THE TASK:
From the listing below, copy only the lines from the line that contains "Download Makra - Landing" to the line that contains "Brake Pads Audi", counting those two lines as part of the copy.

DATASET RECORDS:
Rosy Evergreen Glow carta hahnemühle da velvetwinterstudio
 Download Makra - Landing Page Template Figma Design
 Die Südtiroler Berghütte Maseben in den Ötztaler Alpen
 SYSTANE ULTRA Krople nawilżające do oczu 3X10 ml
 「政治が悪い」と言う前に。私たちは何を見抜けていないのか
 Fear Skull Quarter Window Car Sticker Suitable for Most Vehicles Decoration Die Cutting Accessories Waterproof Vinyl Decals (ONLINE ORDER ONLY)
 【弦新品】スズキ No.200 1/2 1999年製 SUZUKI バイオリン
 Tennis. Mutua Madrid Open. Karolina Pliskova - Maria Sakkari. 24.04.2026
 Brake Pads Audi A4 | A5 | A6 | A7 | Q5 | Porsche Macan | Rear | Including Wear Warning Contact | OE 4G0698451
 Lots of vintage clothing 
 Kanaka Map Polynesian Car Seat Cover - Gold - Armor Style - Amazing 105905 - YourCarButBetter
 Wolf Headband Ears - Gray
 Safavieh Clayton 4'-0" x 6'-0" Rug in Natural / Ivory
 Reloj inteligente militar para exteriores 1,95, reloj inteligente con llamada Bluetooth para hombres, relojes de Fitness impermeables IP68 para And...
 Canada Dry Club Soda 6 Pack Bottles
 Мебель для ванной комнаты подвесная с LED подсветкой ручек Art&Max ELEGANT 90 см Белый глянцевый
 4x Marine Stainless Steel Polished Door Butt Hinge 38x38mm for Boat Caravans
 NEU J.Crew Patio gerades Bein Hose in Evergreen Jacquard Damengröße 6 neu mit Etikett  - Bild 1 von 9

EXERCISE RESULT:
 Download Makra - Landing Page Template Figma Design
 Die Südtiroler Berghütte Maseben in den Ötztaler Alpen
 SYSTANE ULTRA Krople nawilżające do oczu 3X10 ml
 「政治が悪い」と言う前に。私たちは何を見抜けていないのか
 Fear Skull Quarter Window Car Sticker Suitable for Most Vehicles Decoration Die Cutting Accessories Waterproof Vinyl Decals (ONLINE ORDER ONLY)
 【弦新品】スズキ No.200 1/2 1999年製 SUZUKI バイオリン
 Tennis. Mutua Madrid Open. Karolina Pliskova - Maria Sakkari. 24.04.2026
 Brake Pads Audi A4 | A5 | A6 | A7 | Q5 | Porsche Macan | Rear | Including Wear Warning Contact | OE 4G0698451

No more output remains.